A Closer Look At The New Mercedes SLS

The Mercedes Benz 300 SL “Gullwing” is one of the coolest sports cars of all time. It is so named because of its very striking and unique roof hinged doors, the Gullwing was the Enzo of its time, stupendously fast, insane, outrageously expensive and yet so elegant. Clark Gable owned one; Andy Warhol painted one; Ava Gardner crashed one. No Mercedes sports car since, not even the Mercedes-McLaren SLR, has come close to matching the Gullwing’s iconic appeal. And now the Mercedes SLS.

The SLR was a bastard-child of a supercar that neither McLaren nor Mercedes-Benz engineers truly felt was their own. McLaren’s Gordon Murray, designer of championship-winning Brabham and McLaren grand prix racers, driving force behind the McLaren F1 supercar, thought the SLR overweight and overwrought; the antithesis of his personal automotive design philosophy. For Mercedes SLS engineers they were uncomfortable with McLaren’s free-wheeling, swift development culture and were skeptical of their methods. The culture-clash car that resulted was blindingly fast and supremely robust, but oddly styled and strangely uninvolving to drive.

All of which perhaps explains the new Mercedes SLS AMG, a lightweight, high-tech, 571 hp super-coupe that represents the distilled wisdom of some of the best and the brightest engineers at the world’s oldest automaker. And yes, it has gullwing doors.

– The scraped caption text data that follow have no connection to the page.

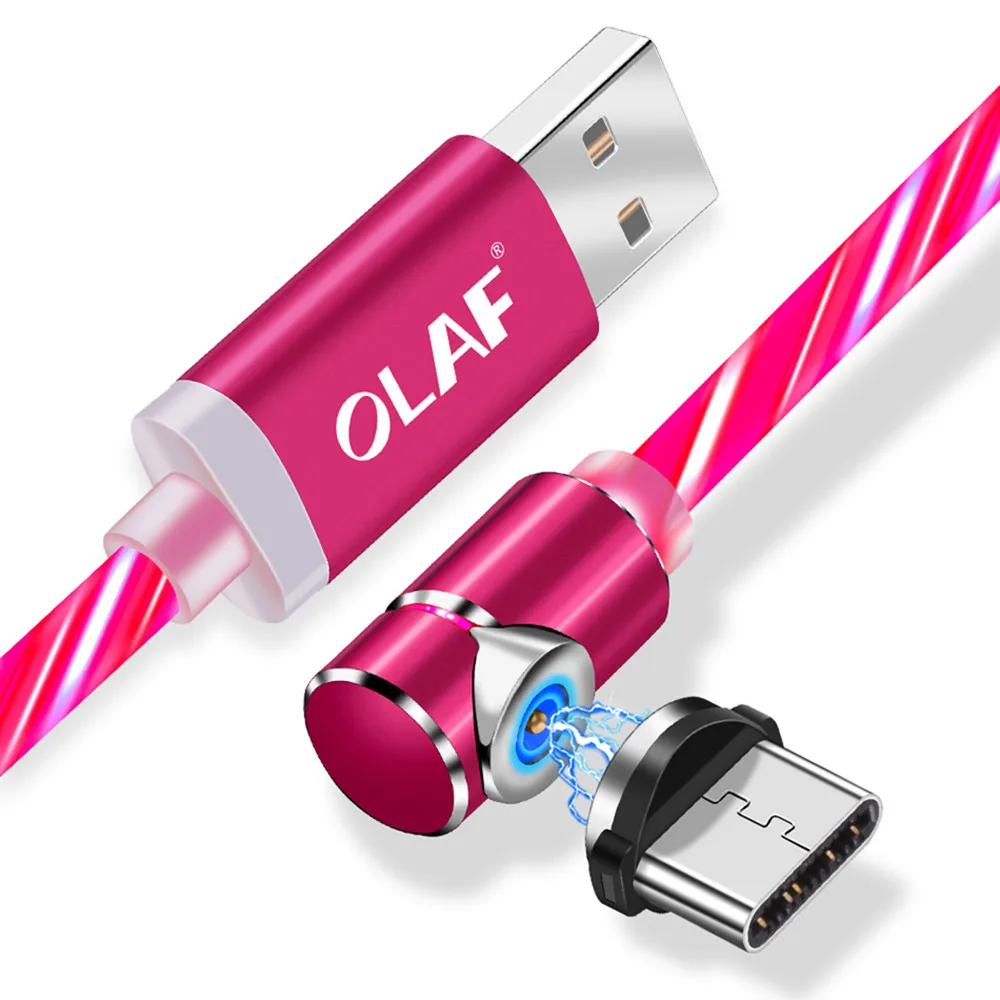 OLAF L-Line Magnetic USB Charging Cable, Type-C USB C Cable, 90 Degree LED Magnetic Cable for iPhone X 8 7 Plus Micro USB Cables Red Magnetic USB C  Cable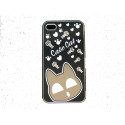 Coque pour Iphone 4 brillante noire avec un chat miroir + film protection écran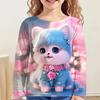 Children's T-Shirt Kawaii Full Sleeves T-Shirts for Girl Tiger Cat Cute Tees Clothes 2023 Autumn Kid Top O-Neck Outdoor Clothing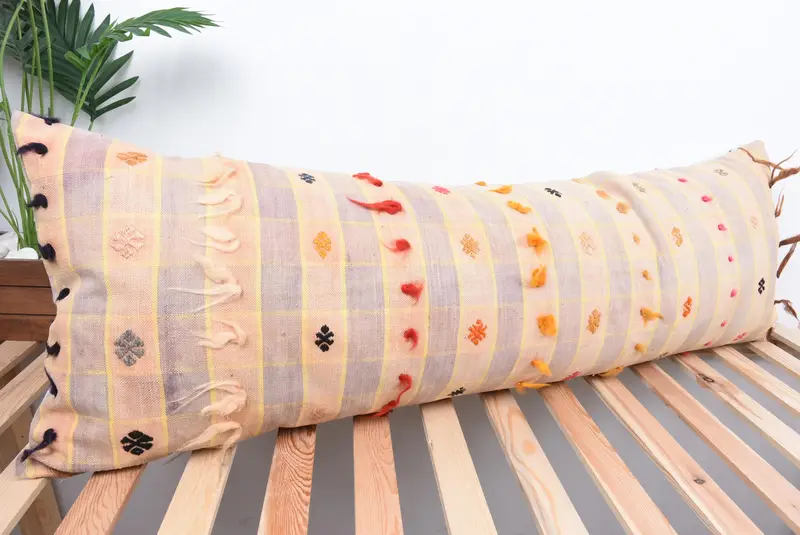 Vintage Kilim Pillow, Home Decor Pillow, 16x48 Beige Cushion Cover, Boho Pillow, Comfy Throw Cushion Cover, Patio Pillow Cover, Pillow Case - 4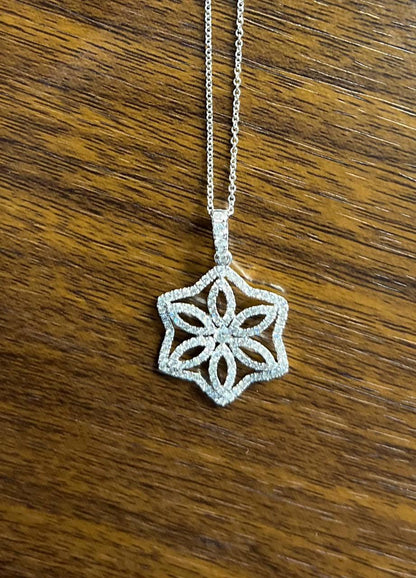 Diamond Halo Set Snowflake Symbol Motif 18K White Gold Pendant Chain Necklace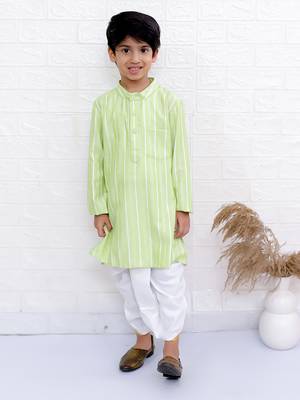 Twisha boys full sleeve kurta & dhoti pant set - yellow & off white 1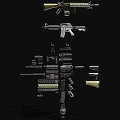 Weapon Parts Collection Featuring Gun Components Magazines Barrels And Sights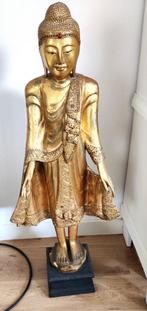 Prachtig houten BOEDDHA  BUDDHA beeld  1980 Goud verguld, Ophalen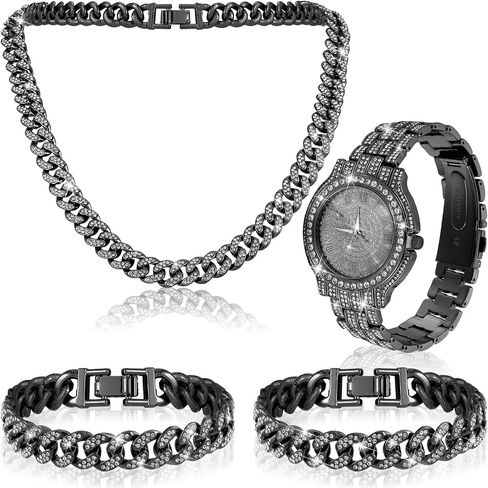 4 Pcs Hip Hop Jewelry Set Cuban Link Chains Bling Rhinestone Watch for Man Artificial Diamond Necklace Bracelet Watch in Kuwait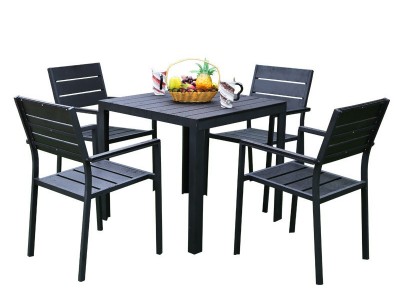 户外桌椅庭院花园休闲木塑餐厅铝合金塑木桌椅组合简约露台家具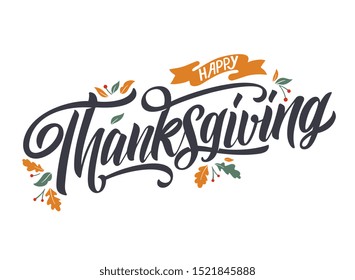 Vector illustration. Happy Thanksgiving Day typography vector design for greeting cards and poster on a textural background design template  celebration.Happy Thanksgiving  inscription, lettering.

Like the SLS, the Mercedes SLS is a front mid-engine coupe, with its 6.3-liter V-8 (actually, it’s 6208 cc) positioned entirely behind the front axle center-line. The engine is based on the M156 V-8 from the SL63 AMG, but has been tweaked and primped sufficiently to warrant a new in-house codename — M159. Mercedes SLS claims over 120 parts and components that have been redesigned. The most notable change, however, is a dry sump system that allows the M159 to nestle low in the frame. The engine delivers 571 hp at 6800 rpm, and a 479 lb-ft. at 4750 rpm. Some 402 lb-ft is available from just 2500 rpm.
The engine drives the rear wheels via Mercedes SLS new 7-speed dual clutch transmission, repackaged in a transaxle housing at the rear of the vehicle to aid deliver the SLS’s 48/52 front/rear weight distribution. Engine and transmission are inter-connected by a sand-cast aluminum torque-tube, inside which is a carbon-fiber drive shaft. The transmission offers four modes — basic, Sport, Sport+ and Manual — each with different shift protocols. The transmission also has a launch-control mode that allows full-commando starts with electronically controlled wheelspin to prevent the engine bogging down off the line.